- _Assignment_
With images removed, return the whole listing exactly as written.

***** Information supplied *****

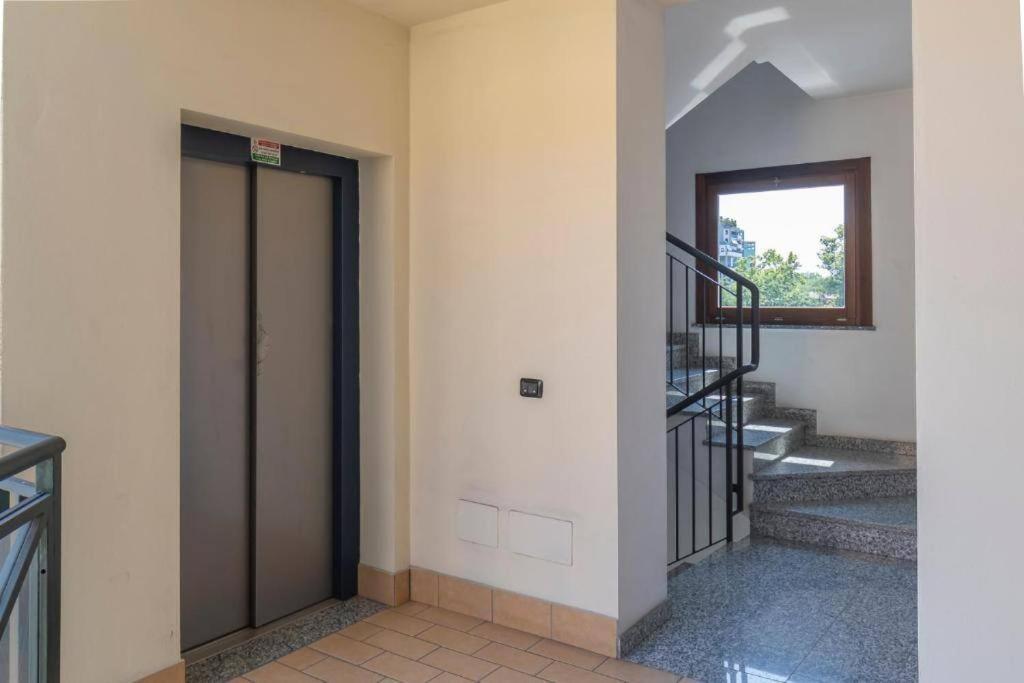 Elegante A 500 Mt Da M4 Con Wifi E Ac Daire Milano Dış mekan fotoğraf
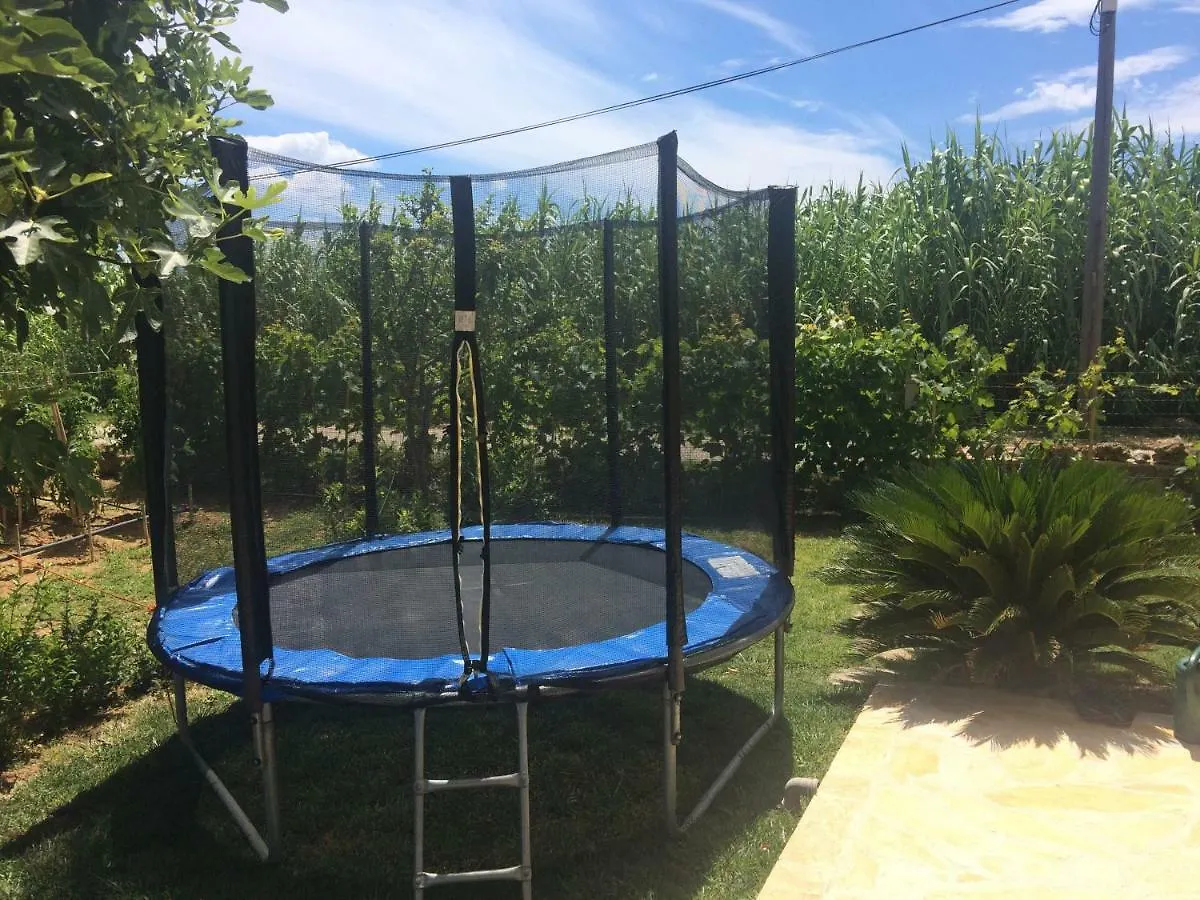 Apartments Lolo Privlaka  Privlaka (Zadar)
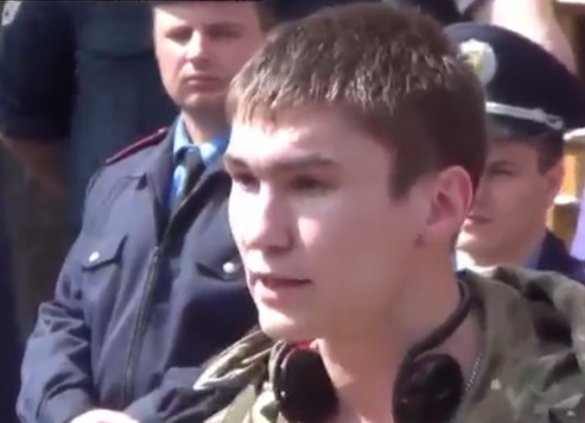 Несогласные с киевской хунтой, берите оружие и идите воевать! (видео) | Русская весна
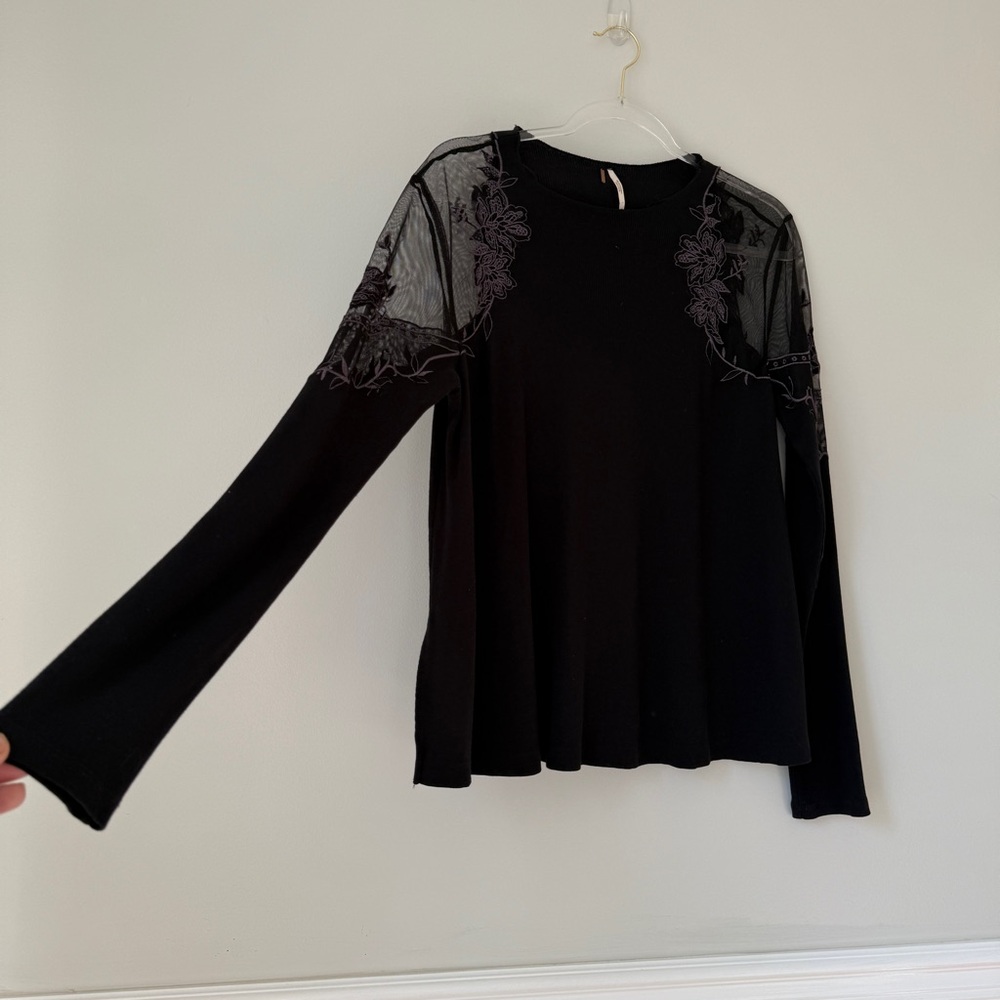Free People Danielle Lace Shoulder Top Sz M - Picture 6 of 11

*****

- _Output of the task_
 Elegante A 500 Mt Da M4 Con Wifi E Ac Daire Milano Dış mekan fotoğraf
 Apartments Lolo Privlaka  Privlaka (Zadar)
 Несогласные с киевской хунтой, берите оружие и идите воевать! (видео) | Русская весна
Free People Danielle Lace Shoulder Top Sz M - Picture 6 of 11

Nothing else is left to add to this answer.